→ Assignment: Look below for the line that contains "Bottega Veneta Intrecciato", then copy it and each following line to the end of the records, minus any pictures.

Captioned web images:
□ □ □ □ □

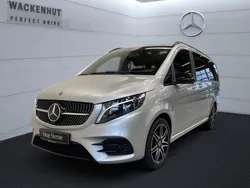 Brillantsilber metallic Gebraucht 2023 Mercedes V300 AMG Van / Kleinbus | 68.900 € (Etwas zu teuer)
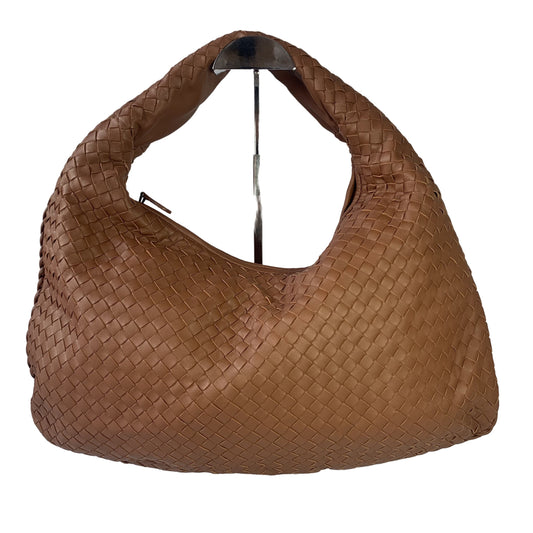 Bottega Veneta Intrecciato Hobo Bag Medium Caramel Lambskin leather New Design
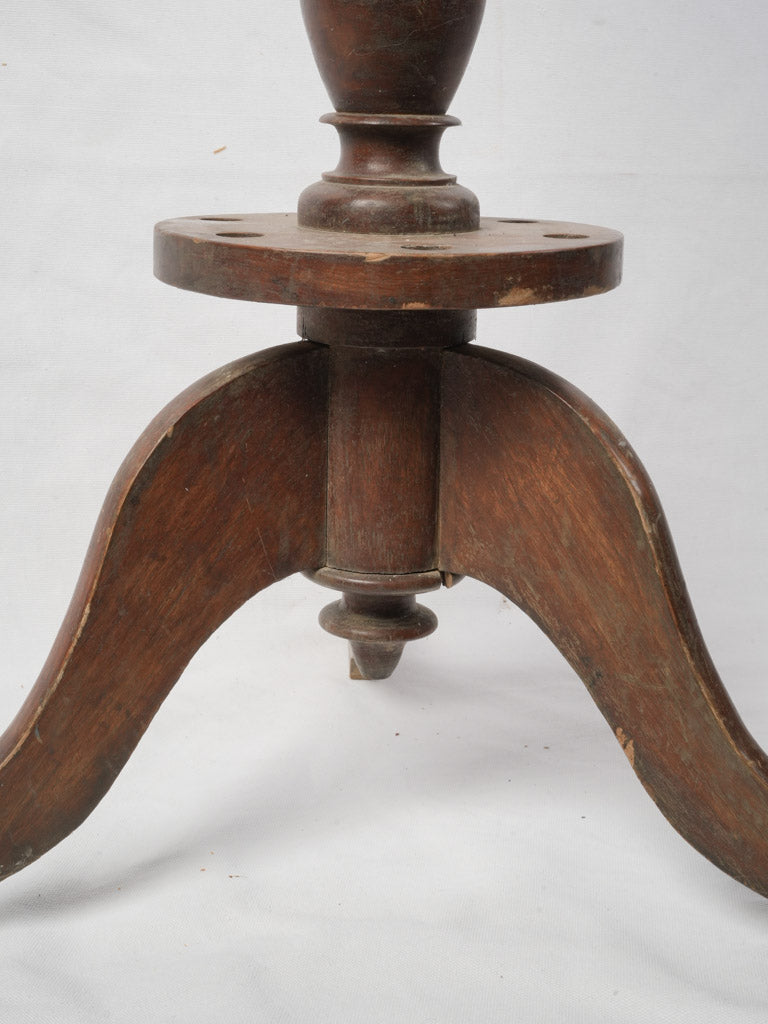 Victorian grace cue stand   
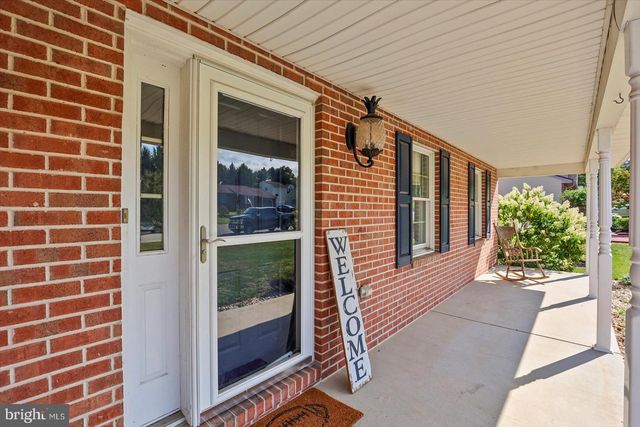 113 TIMBER LN, Hanover, PA 17331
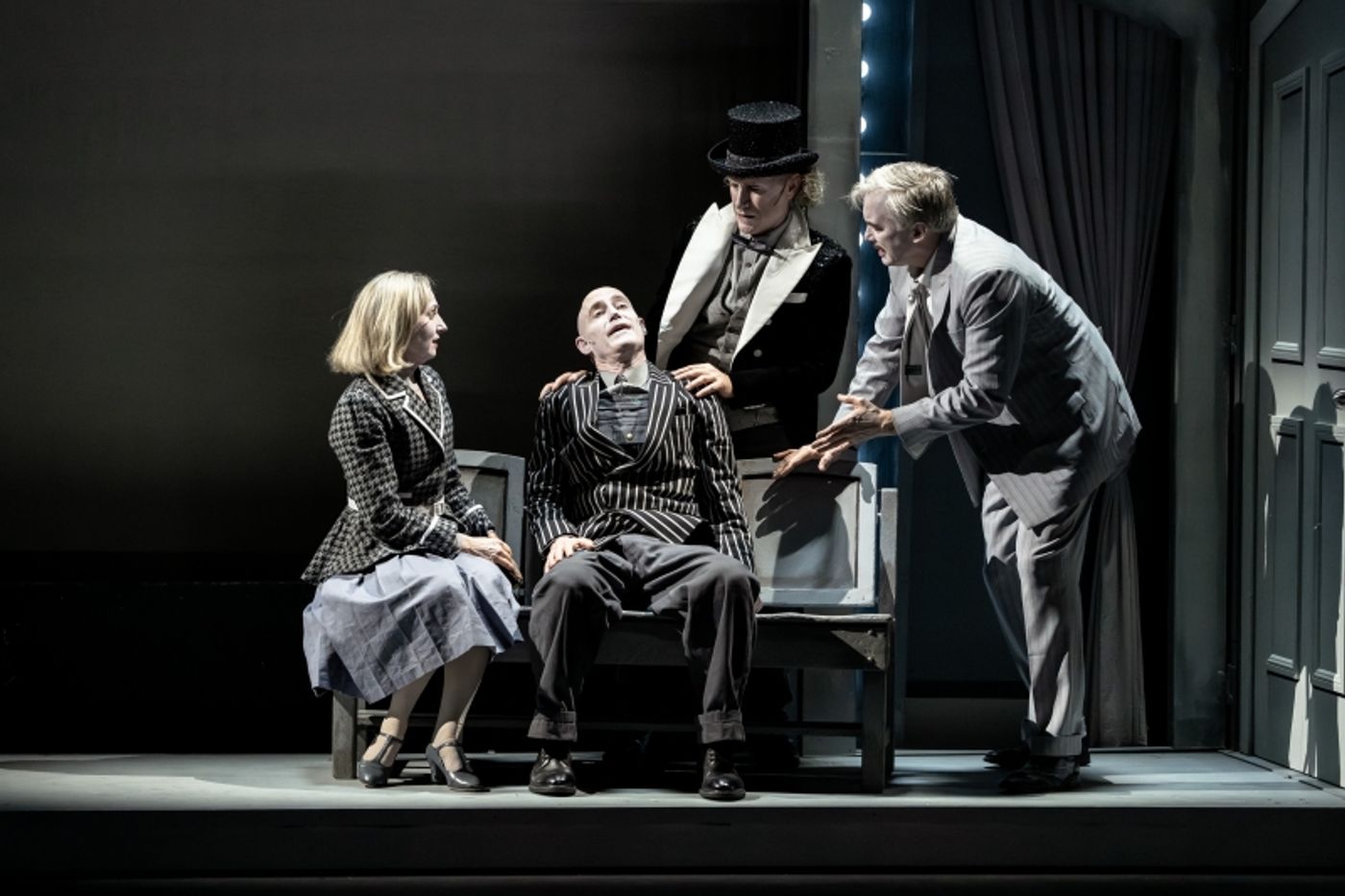 REVIEW: THE 39 STEPS Is A Madcap Spoof Of Classic Movie Mysteries  Image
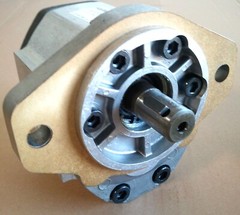 SALAMI HYDRAULIC GEAR PUMP 2.0 CU.IN/REV 25GPM 7/8 KEYED SHAFTMOD#3PB33D-R87S3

□ □ □ □ □

→ Task response:
 Bottega Veneta Intrecciato Hobo Bag Medium Caramel Lambskin leather New Design
 Victorian grace cue stand   
 113 TIMBER LN, Hanover, PA 17331
 REVIEW: THE 39 STEPS Is A Madcap Spoof Of Classic Movie Mysteries  Image
 SALAMI HYDRAULIC GEAR PUMP 2.0 CU.IN/REV 25GPM 7/8 KEYED SHAFTMOD#3PB33D-R87S3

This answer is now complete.